Daría la impresión de que en Venezuela se está llegando al mismo punto. Es decir, ya nadie se siente seguro: los torturadores y perseguidores de ayer, pueden ser los torturados y perseguidos de hoy al ser acusados –con o sin fundamento- de ser “conspiradores” o “traidores a la patria”.
Un hecho que acaba de ocurrir en Venezuela podría ser un indicio de ello. Nos estamos refiriendo al secuestro de Juan Guiadó -presidente de la Asamblea Nacional y presidente interino de Venezuela según la Constitución- realizado por la Sebin.
Obviamente que, siguiendo órdenes de “arriba”, estos funcionarios encapuchados pretendían llevarlo al lugar donde sería encarcelado y posiblemente torturado, como es la práctica habitual. Sin embargo, cuando Guiadó no permitió que lo esposaran y les explicó que estaban infringiendo la ley, cambiaron por completo de actitud y lo liberaron.
Leopoldo López -líder opositor venezolano- en una grabación telefónica, coincide con la hipótesis planteada por Guaidó.
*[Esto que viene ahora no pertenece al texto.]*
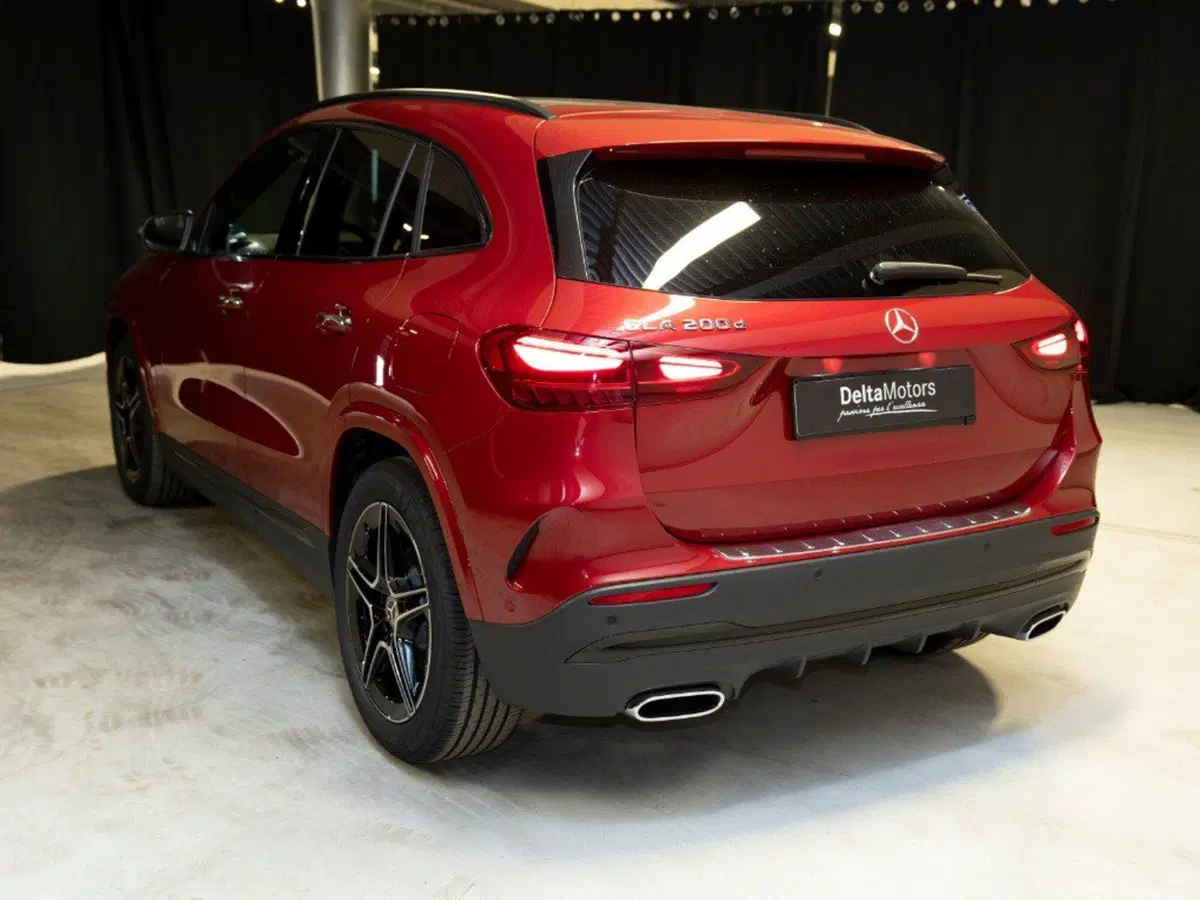 Mercedes-Benz GLA SUV nuova a Ancona (3)
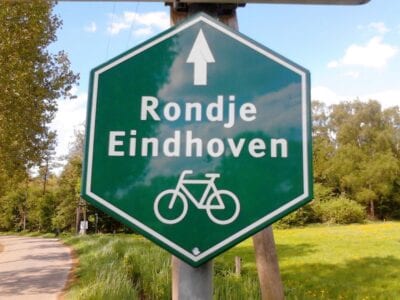 Señal de dirección alrededor de Eindhoven Eindhoven Países Bajos
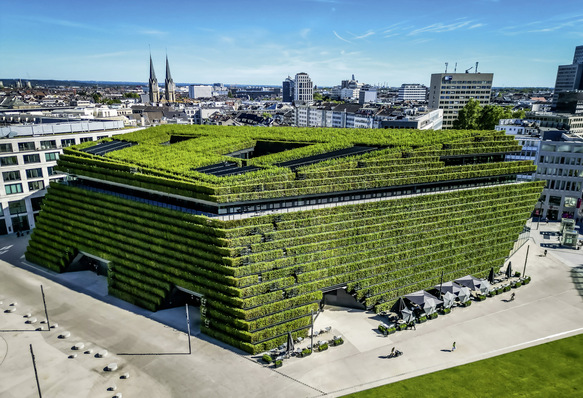 Der KÖ-Bogen II ist ein modernes Mixgebäude welches Bürofläche, Gastronomie und Shopping vereint. Mit seiner ausgefallenden Geometrie und Europas größter Grün­fassade ist es das beste Beispiel für ein lebenswertes Gebäude und – die Zukunft des Bauens. Ausgestattet mit GEZE Schiebetürsystemen an allen Außentüren hält es außerdem das Platin Label des DGNB.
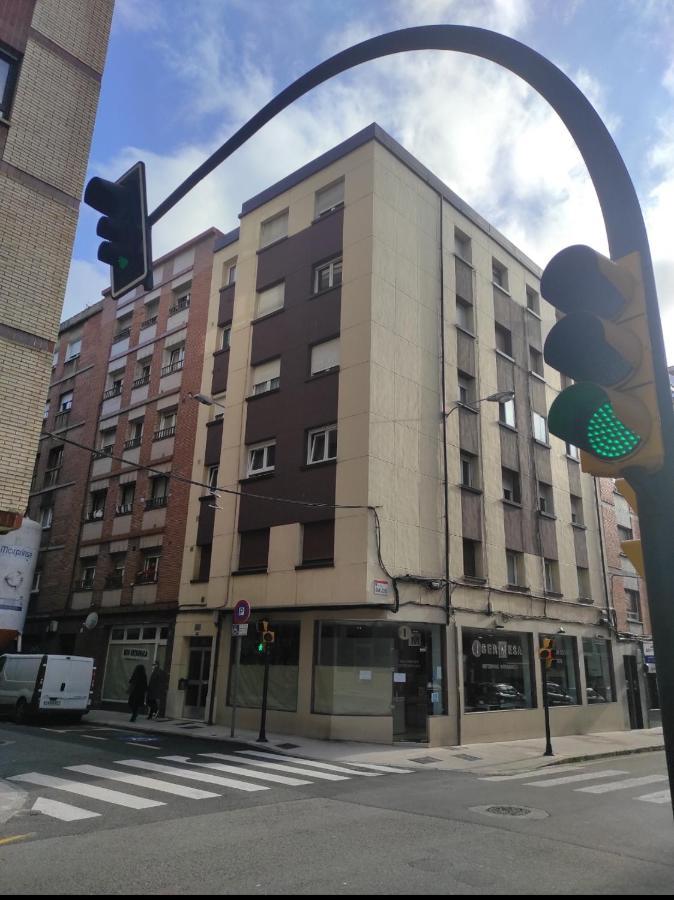 La Llariega De Argandona- Parking Privado Gratuito Appartement Gijón Buitenkant foto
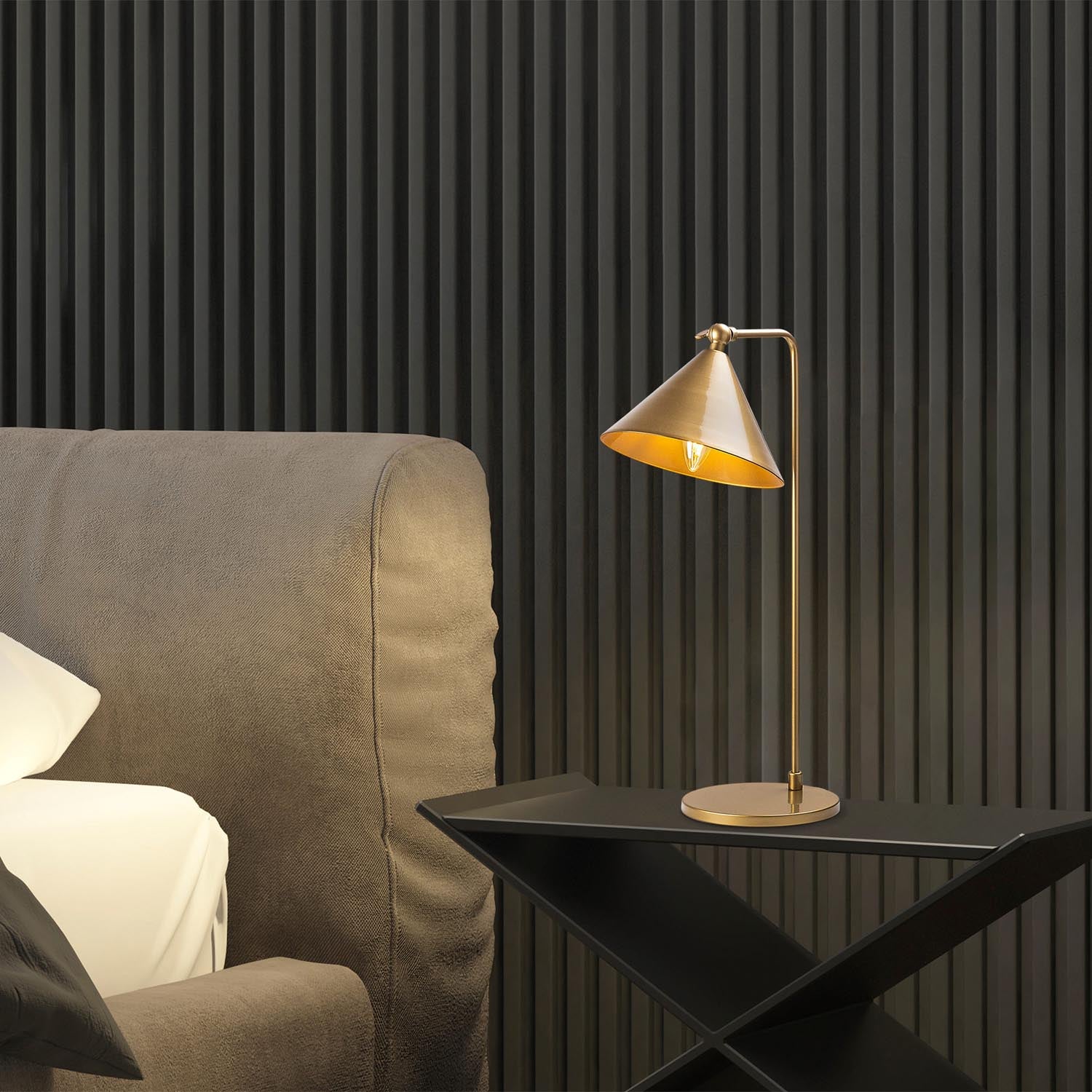 Entdecken Sie die elegante Konika Tischleuchte von Opviq in Gold, die jedem Raum Stil und Wärme verleiht. Ideal für gemütliche Abende!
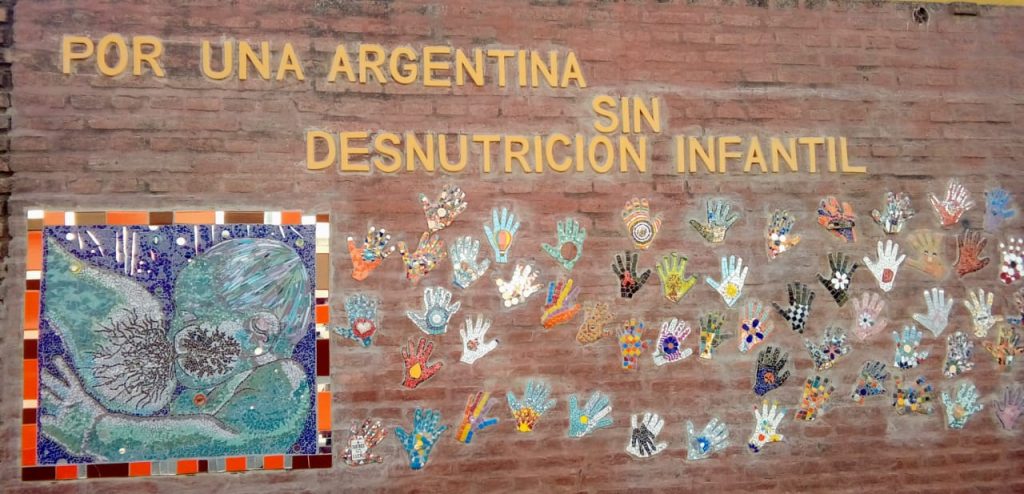 El jefe municipal participó en la colocación del mural de la Fundación Conín en la Guardería Vigil.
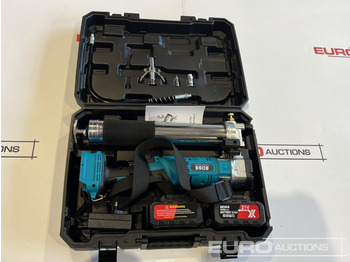 Celtniecības maisītājs Boss 21 Volt Lithium Battery Cordless Grease Gun, 2 Batteries, Charger, Case, Shoulder Strap, Extension Pieces and Fittings: foto 2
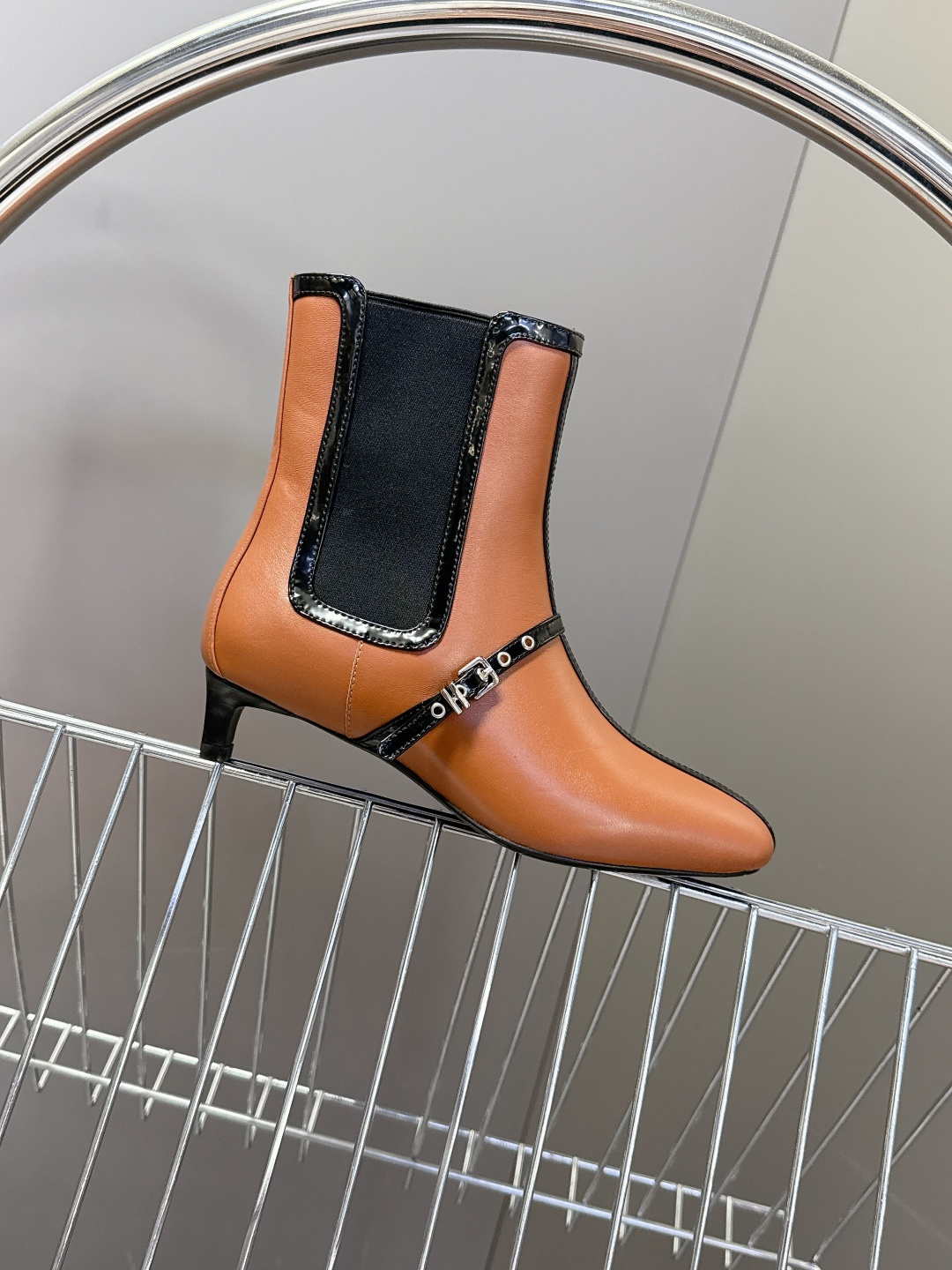 Hermes 爱马仕秋冬最新款老钱风短靴 专柜超难配货 🐎家靴子的设计风格通常以经典简约为主 这款走秀靴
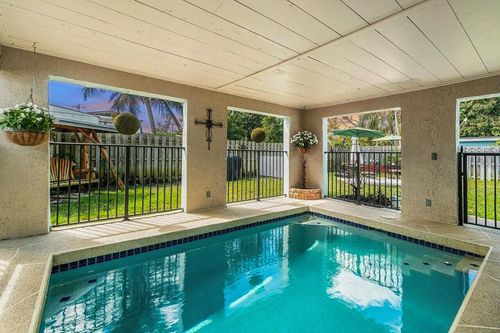 944 Hansen St, West Palm Beach, FL, 33405-3020 | Card Image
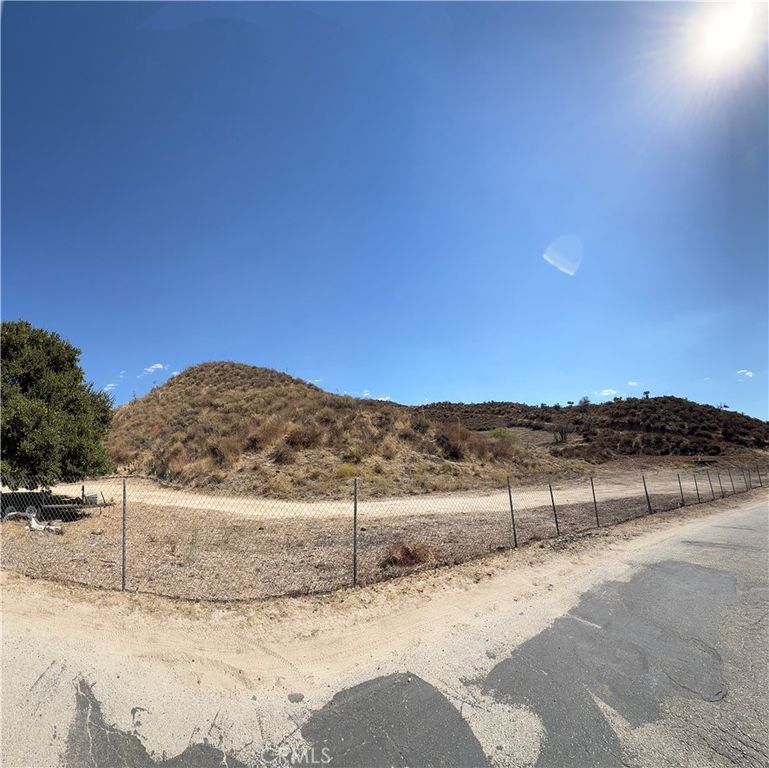 30674 Sloan Canyon Road, Castaic, CA 91384 — photo 5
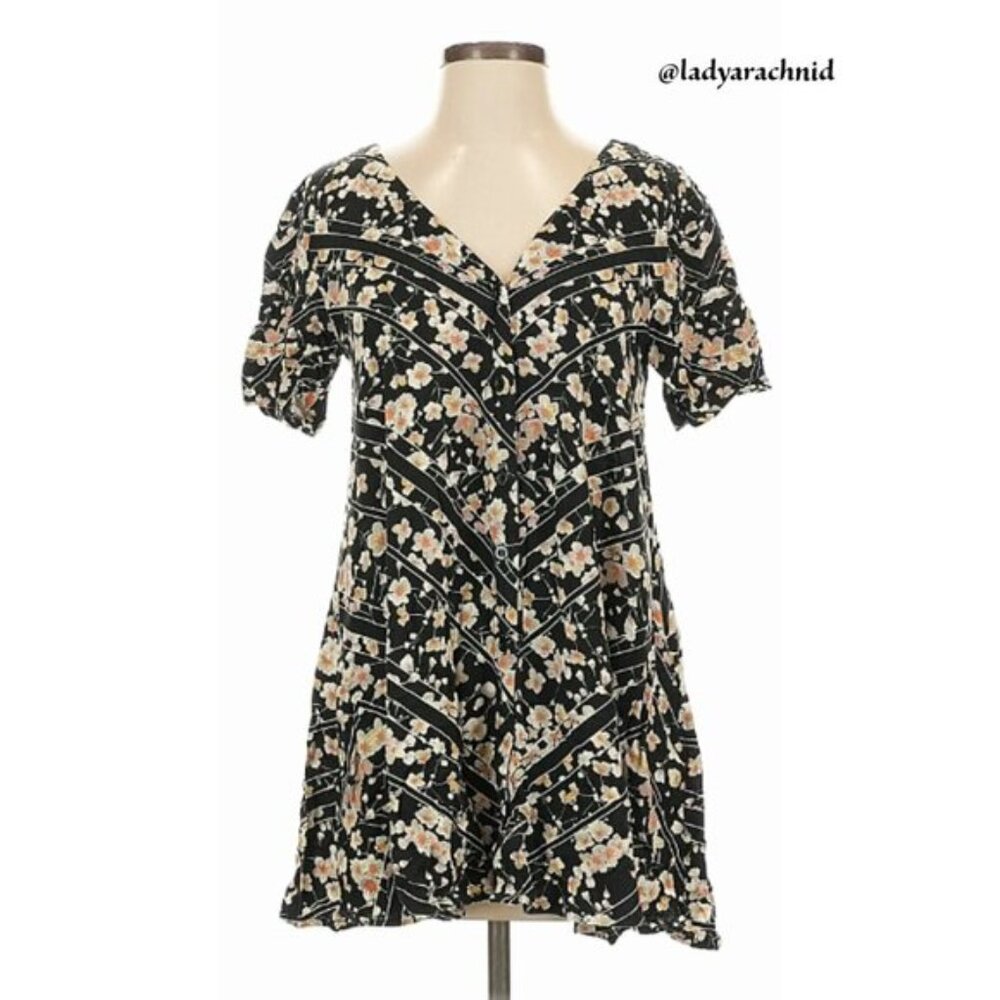 MOTEL Crosena boho festival dress in Cosmic Daisy - Picture 5 of 9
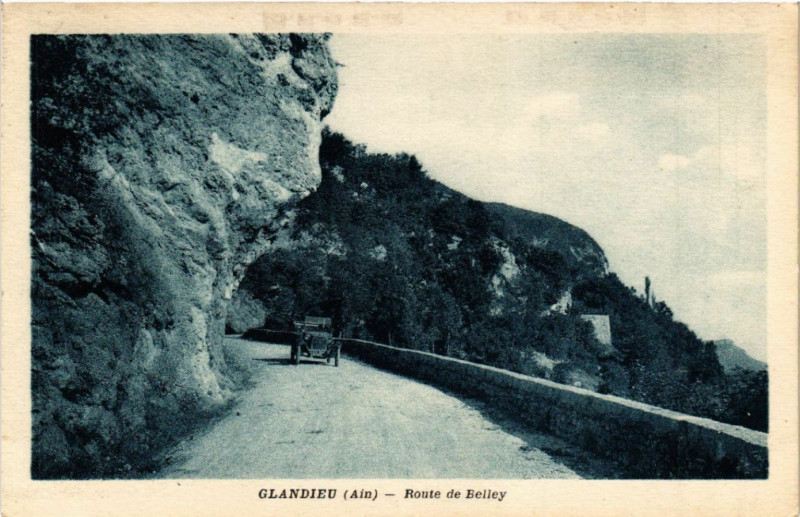 Carte postale ancienne Glandieu Route de Belley à Belley
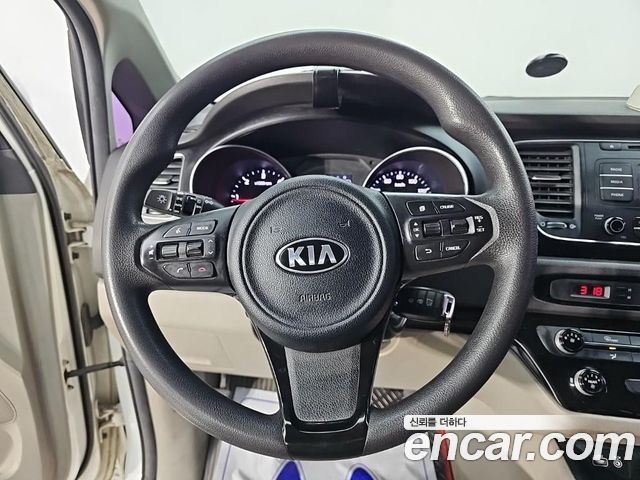 Kia Carnival 11-seater Deluxe 2015 — фото 9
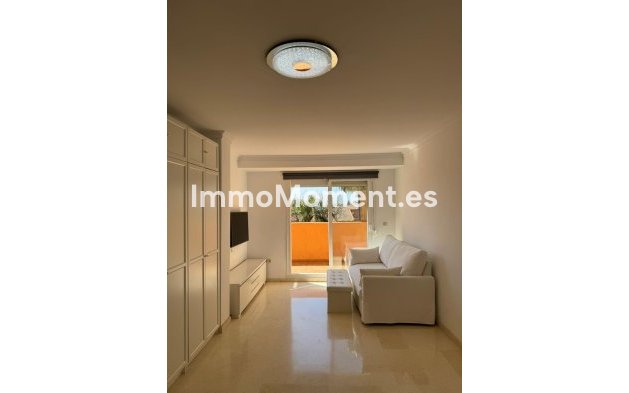 Resale - Apartment - Marbella - Elviria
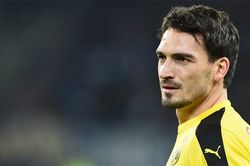 CHÍNH THỨC: Mats Hummels bất ngờ rời Bayern để trở lại Dortmund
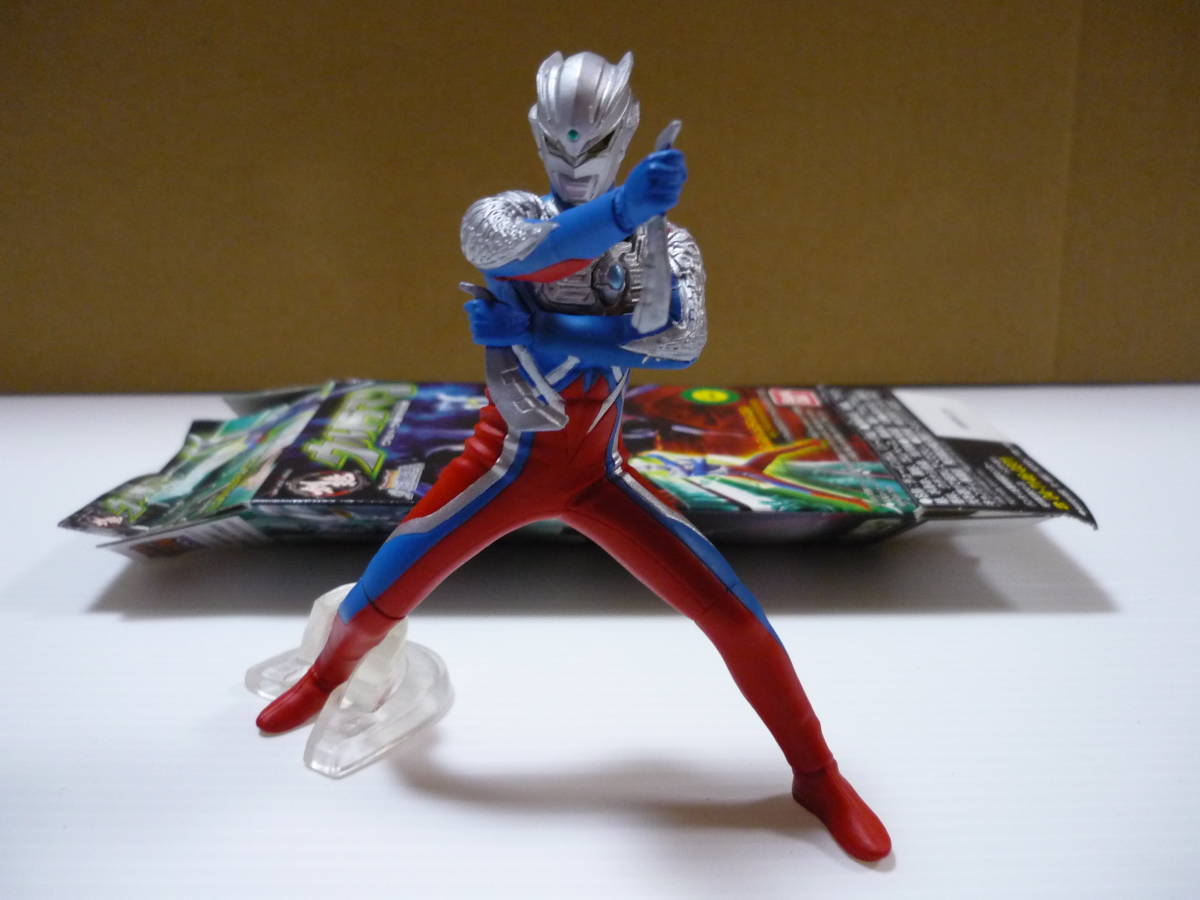 [管01]【送料無料】フィギュア ウルトラマンゼロ 3体セット_画像4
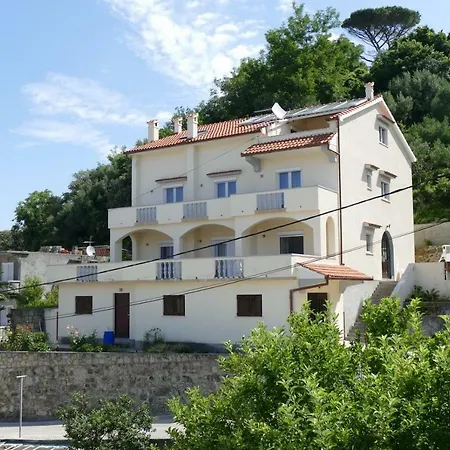 Apartament Ivanica Palit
Ambos dirigentes consideran que el secuestro y posterior liberación, “muestra un quiebre interno y mucha fragilidad en la cadena de mando militar del país”. Guaidó asegura que los funcionarios “lo liberaron tras informarles sobre la propuesta de una Ley de Amnistía para militares y civiles que apoyen sublevarse e integrar el gobierno de transición que propone la oposición”.
¿Será que a Maduro también le llegó su hora de la verdad?